Aunque nada garantiza cómo le irá en la tierra donde manda Putin ni si Ricardo Gareca continuará en el banco, la calidad de los rivales de la Blanquirroja representa un orgulloso ‘upgrade’ para un fútbol que, hasta hace muy poco, apenas podía aspirar a ‘sparrings’ del poderío de Trinidad y Tobago o Haití.
Pero la pelotita no es sinónimo de felicidad completa: el último miércoles, Jason Cueva Gavilán, de 23 años, falleció en un tiroteo entre barristas de Universitario y Alianza Lima. Momentos después, simpatizantes del club victoriano protagonizaron una batalla campal en un grifo ubicado en el límite entre El Agustino y San Juan de Lurigancho.
Mientras la selección suma toneladas de prestigio y las mamás de Paolo y Tapia aparecen en comerciales de televisión, el fútbol local agoniza de mediocridad, entre la ausencia de hinchas (al último clásico asistieron apenas unos 14 mil) y la sequía de auspiciadores. Los clubes viven de empeñar su futuro a la televisión, mientras el dinero se pasea sobre sus narices, sin posibilidad siquiera de olfatearlo.
No han podido desprenderse del estigma de la violencia. Aunque tampoco han hecho mucho para hacerlo. “Pero si ya no hay peleas en los estadios… se acabaron los robos y broncas en los alrededores”, sentencian aquellos que creen que el despoblamiento de las tribunas, que ha ido de la mano del progresivo empobrecimiento de los equipos, no tiene relación con el miedo que enfrenta el hincha común y corriente cada fin de semana.
Además de encontrarse con un espectáculo de bajo nivel, en recintos sin mayores comodidades, los pocos miles que van al fútbol saben que hacerlo los enfrenta a la posibilidad de verse robados o golpeados si tienen la mala fortuna de encontrarse en el camino de esos pandilleros que usan como enseñas de batalla los colores de los clubes más populares del país.
La violencia está tan normalizada en nuestro medio, que la muerte de Jason Cueva Gavilán ha sido vista de refilón, como una más de las tantas víctimas que se acumulan a diario.
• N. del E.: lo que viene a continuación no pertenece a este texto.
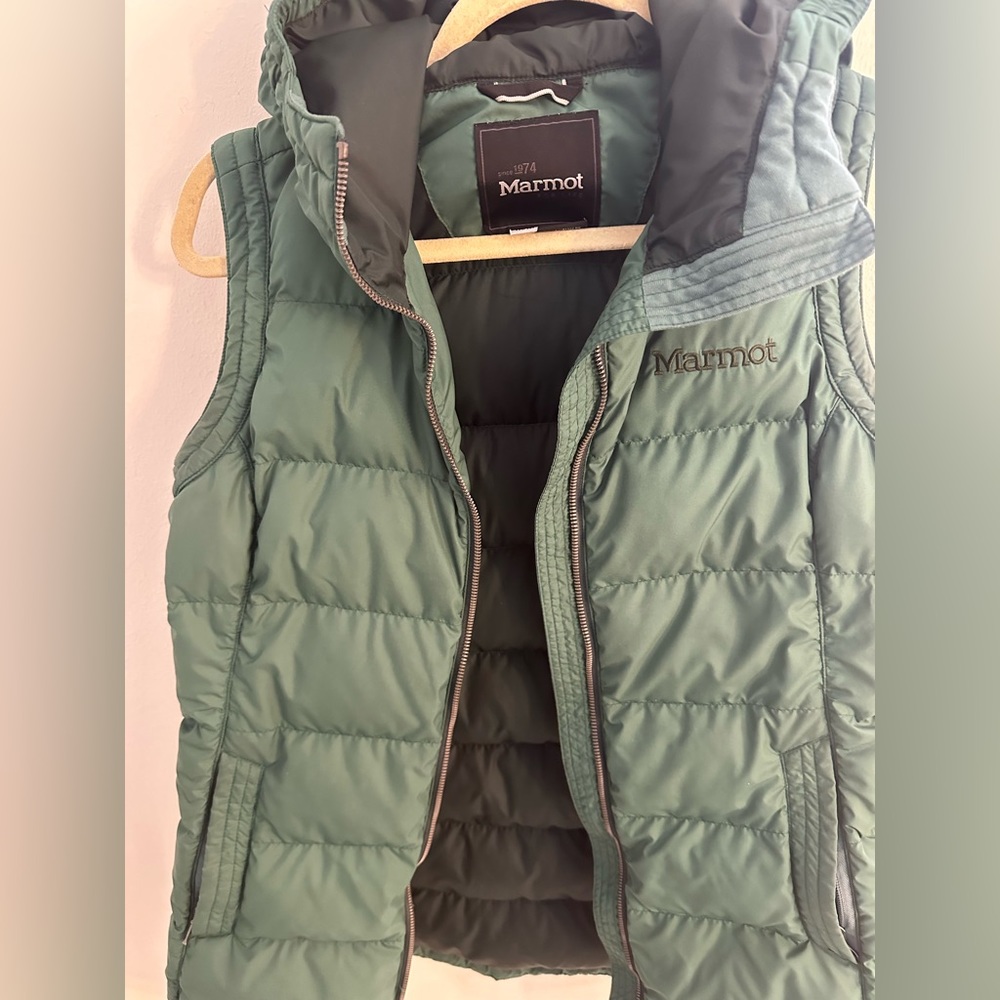 Marmot Forest Green Puffer Vest with Hood - Picture 2 of 10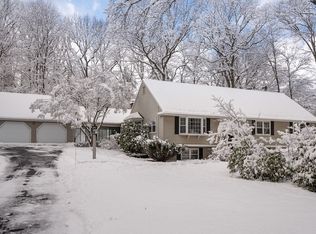 14 Turner Ridge Rd, Marlborough, MA 01752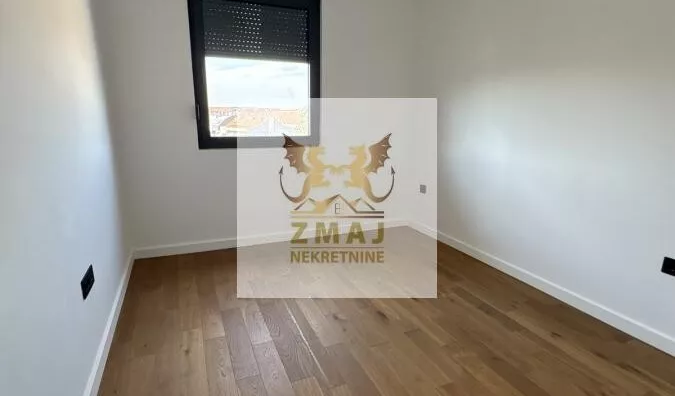 Šestosoban stan | 4zida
En el mundo del fútbol nadie dice nada porque arguyen que la responsabilidad es de la policía, como si el asunto no fuera de su vital incumbencia.
La peruana debe ser la selección menos representativa de su fútbol local, lo que agiganta la proeza de Gareca de llevar a la alta competencia a jugadores originarios de un torneo tan terrenal como hostil. El Mundial debería ser el inicio del gran cambio y entre las tareas se encuentra empezar a darle batalla a la violencia. La Blanquirroja debe dejar de ser una realidad paralela.